Prompt: Give back, word for word, the lines in the listing below from the one holding "Men's Slim Tread" down to the one holding "Banco| Bancos de", both ends included.
Start of Material for this exercise
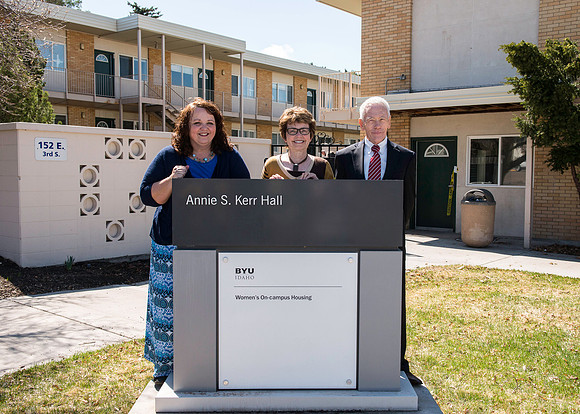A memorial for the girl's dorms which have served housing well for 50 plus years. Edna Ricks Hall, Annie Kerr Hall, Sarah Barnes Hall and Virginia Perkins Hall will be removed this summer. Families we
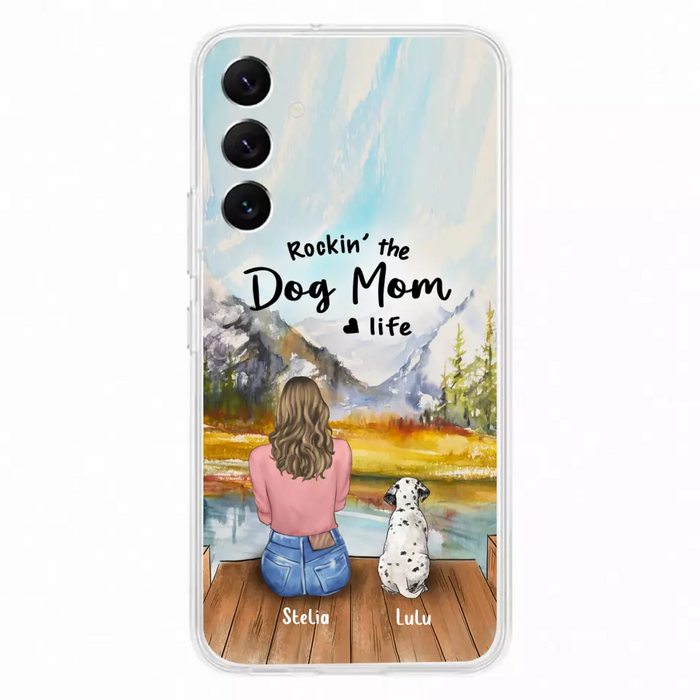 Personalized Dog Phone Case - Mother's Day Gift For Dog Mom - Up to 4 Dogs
End of Material for this exercise
Start of Material for this exercise
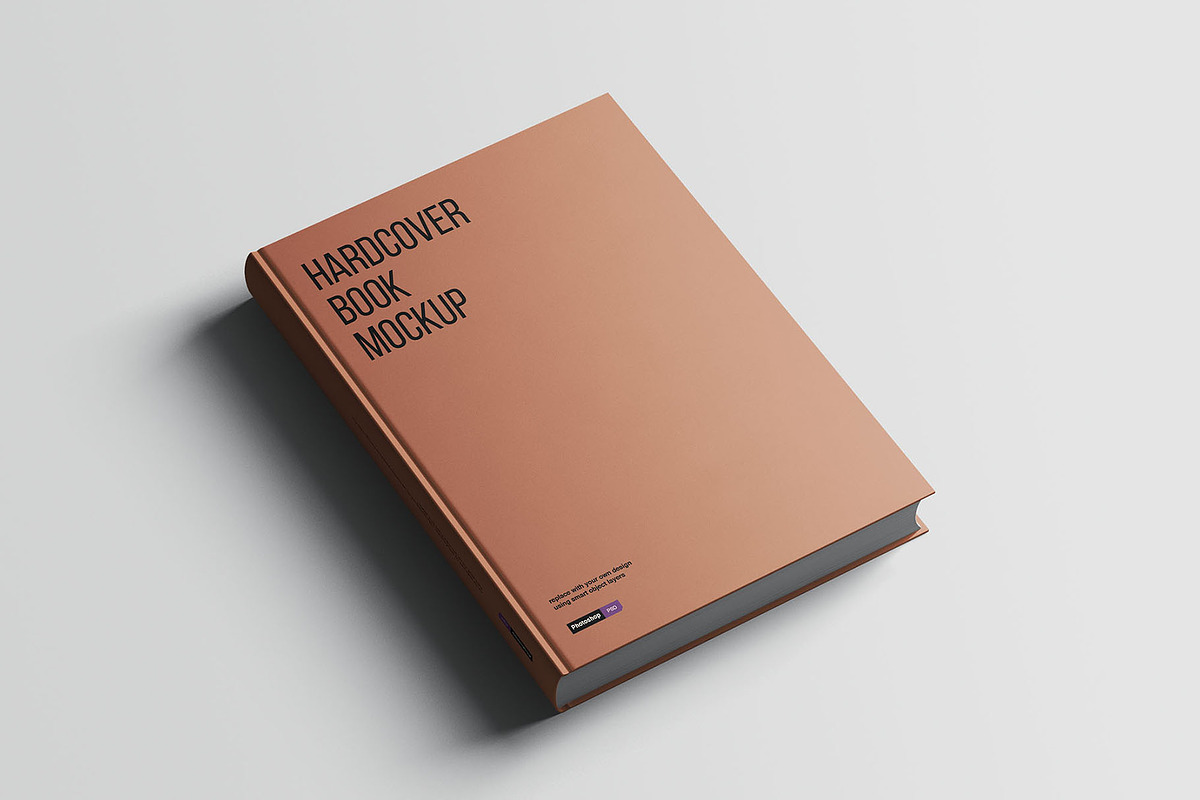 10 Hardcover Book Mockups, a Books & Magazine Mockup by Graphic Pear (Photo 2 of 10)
End of Material for this exercise
Start of Material for this exercise
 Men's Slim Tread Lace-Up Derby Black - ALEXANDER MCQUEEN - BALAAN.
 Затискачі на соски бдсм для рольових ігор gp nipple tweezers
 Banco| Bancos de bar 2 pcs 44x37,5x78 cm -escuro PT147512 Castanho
End of Material for this exercise
Solution to this problem:
 Men's Slim Tread Lace-Up Derby Black - ALEXANDER MCQUEEN - BALAAN.
 Затискачі на соски бдсм для рольових ігор gp nipple tweezers
 Banco| Bancos de bar 2 pcs 44x37,5x78 cm -escuro PT147512 Castanho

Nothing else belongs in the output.